Cette capacité à vouloir iconiser, à rendre graphique et chromatique la « barbarie » permet aussi de la rendre « cool », élégante. Dans ce registre-là, Nicolas Winding Refn et son Drive en sont la parfaite illustration : l’alliage idéal entre une musique pop moderne, une mise en scène quadrillée et l’éruption d’un personnage central mutique. Cette façon de procéder reprend souvent les codes des westerns. Une sorte de « violence esthétisée ». Selon le réalisateur danois : il est normal de montrer à l’écran la violence car c’est aussi et surtout une « émotion » comme peut l’être la tristesse ou la joie. Avec ce postulat, la mise en scène viscérale permet, non pas de refléter la société, mais acquiert une velléité aussi graphique que mentale.
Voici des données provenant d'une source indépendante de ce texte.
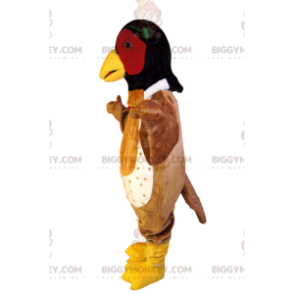 Kostium maskotki BIGGYMONKEY™ Brązowy ptak z czarno-czerwoną głową - Maskotka ptak - BIGGYMONKEY_012975 - BiggyMonkey.com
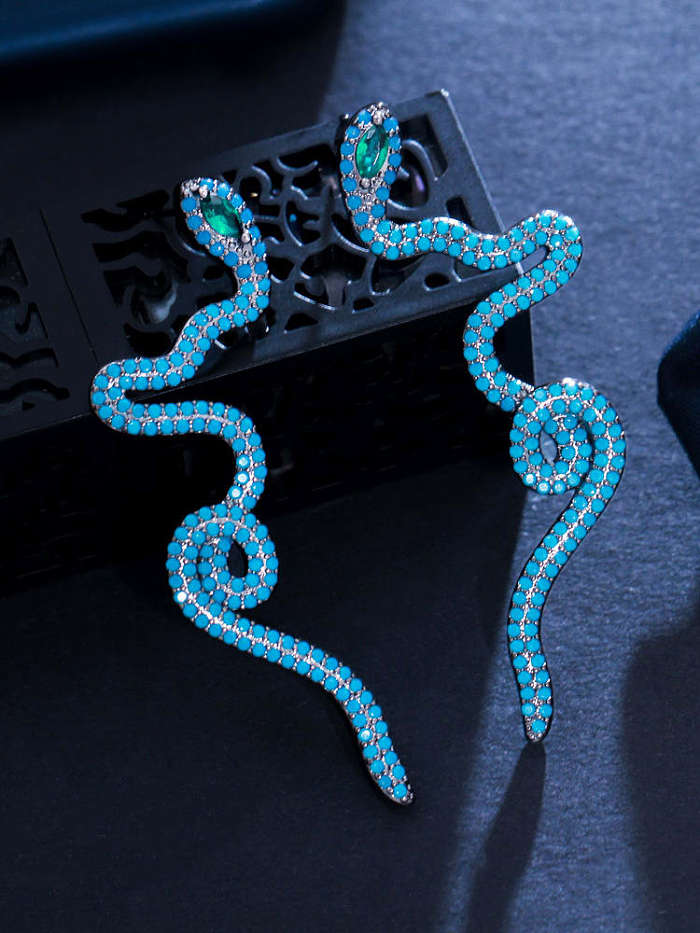Brass Cubic Zirconia Snake Vintage Clip Earring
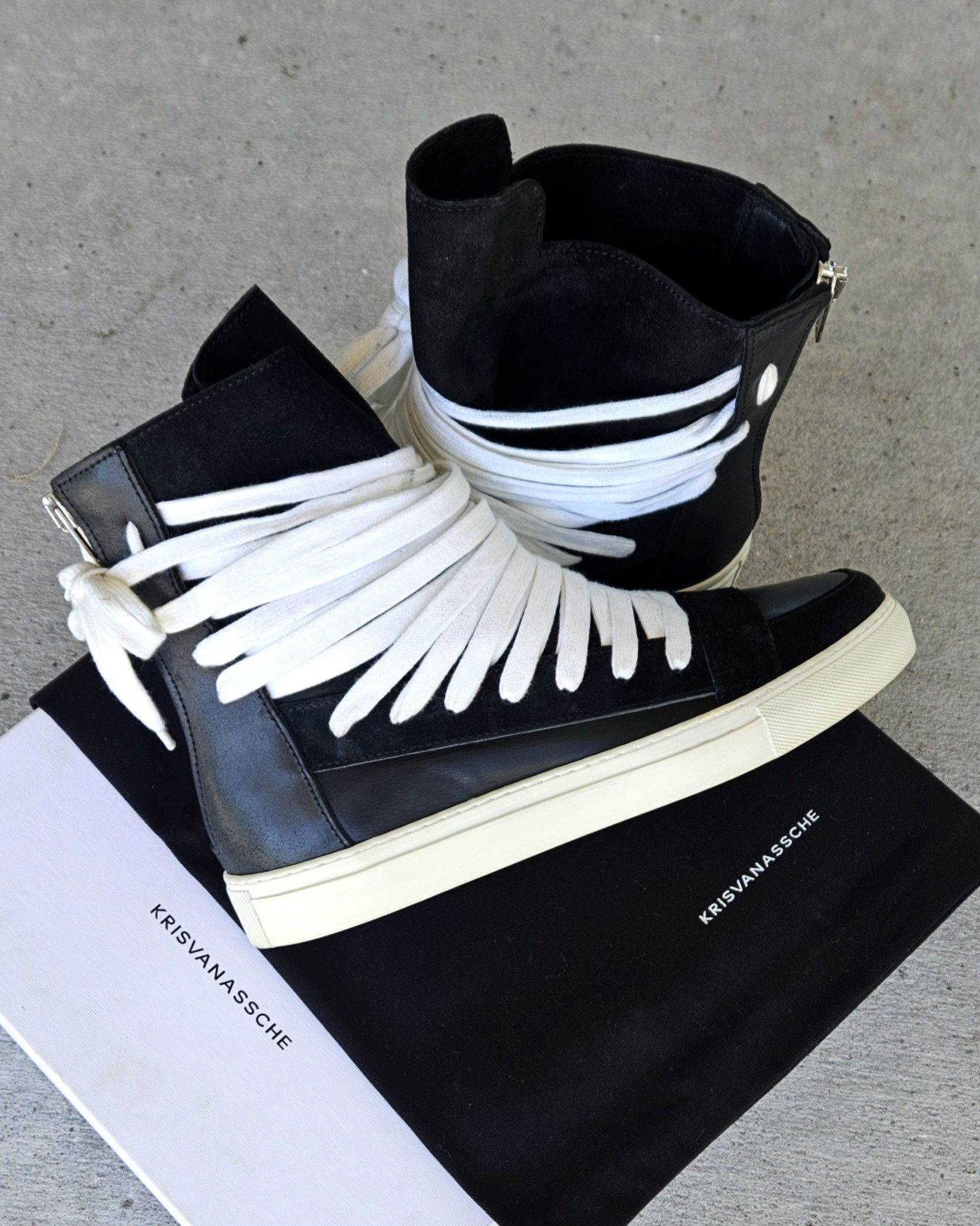 Kris Van Assche Kris Van Assche Multi Lace High Top Sneakers Black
Cette violence devient la mise en image d’un inconscient et donne au film une cohérence de fond avec la forme : le tableau d’un traumatisme qui gicle sur tous les recoins du cadre (Taxi Driver, Ichi Killer ou Old Boy).

« Violence chorégraphiée »

La proximité qu’on peut nouer avec un film est souvent liée à la mise en scène : souvent codifiée dans les films de genre qui répondent à un cahier des charges ou à un mimétisme enfantin et fan des codes du film de genre. En ce sens-là, on pourrait parler de « violence chorégraphiée ».  Laissez bronzer les cadavres est un film sorti le 25 octobre. Proche du giallo ou du western, cette œuvre française est percutante par son amour du genre et son psychédélisme péremptoire. Au-delà de tout propos et de toute thèse sociétale, cette forme de violence trouve sa candeur dans son intérêt pour le genre et ses aptitudes de mise en scène : la démonstration est presque purement technique à l’image des films d’horreur que sont les slashers (Scream). Sans être vains, la cruauté et les assauts sanguinaires font partie intégrante de l’univers, de l’atmosphère même de l’œuvre.
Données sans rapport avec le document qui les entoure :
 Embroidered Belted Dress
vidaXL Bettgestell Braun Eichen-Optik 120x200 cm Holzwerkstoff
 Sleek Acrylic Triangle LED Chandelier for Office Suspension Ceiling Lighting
Comme indiqué plus haut, il est aisé de mentionner Quentin Tarantino, John Woo ou même certains films de Brian Palma dans leurs volontés de « glorifier » les joutes d’armes et spectaculariser les actes qui précèdent la mort : ce qui compte c’est moins la finalité mortifère mais plus la mise sur un piédestal de l’action, la théâtralité des gestes « westerniens ». La dynamique filmique est toute autre. Alors que c’est le contraire chez les films de Refn par exemple où l’action n’est pas de mise mais c’est la violence qui l’intéresse, la mort en elle-même. Malgré ses positionnements purement graphiques, le lien avec la vengeance personnelle et le rapport armé entre les hommes fait parler les nombreux détracteurs de Tarantino.
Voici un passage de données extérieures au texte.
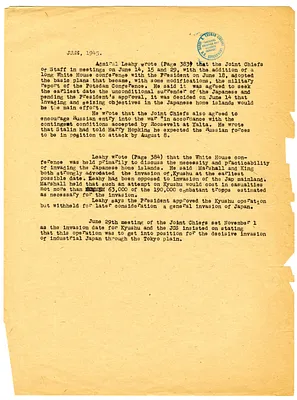 Memorandum Regarding Events of June 1945
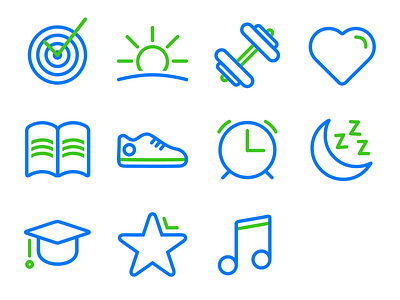 Outline icons alarm book gym heart learning moon morning music read sneaker star target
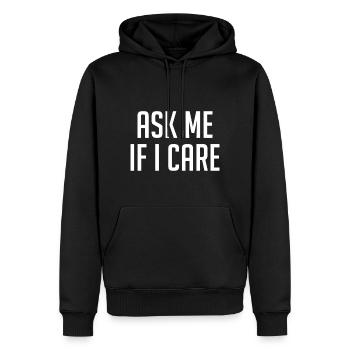 Fragen Sie mich, ob es mich interessiert - Männer Premium Bio Hoodie - Schwarz - Vorne - Nico (187cm)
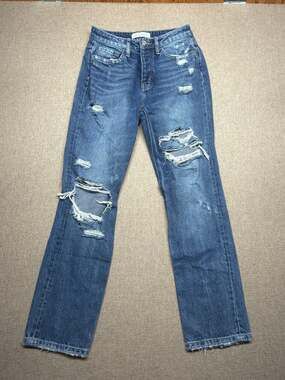 Flying Monkey Jeans 26 High Rise Distressed Straight Leg 100% Cotton Medium Wash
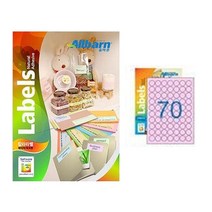 [올바른] 칼라라벨 연분홍 (레이저 잉크젯공용) -(원형70칸), 50매, AL470PP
De cette aspiration stylistique, la vision du monde et notre liaison aux armes n’est jamais loin (Reservoir Dogs) chez l’américain. Au cinéma, comme dans tout art, la violence graphique est plurielle, a une essence aussi futile que profonde, mais dépend surtout de deux choses pour qu’elles soient dignes de ce nom : de la mise en scène ou du propos du réalisateur et aussi de notre propre acceptation des images mises en lumière et de notre compréhension du contexte.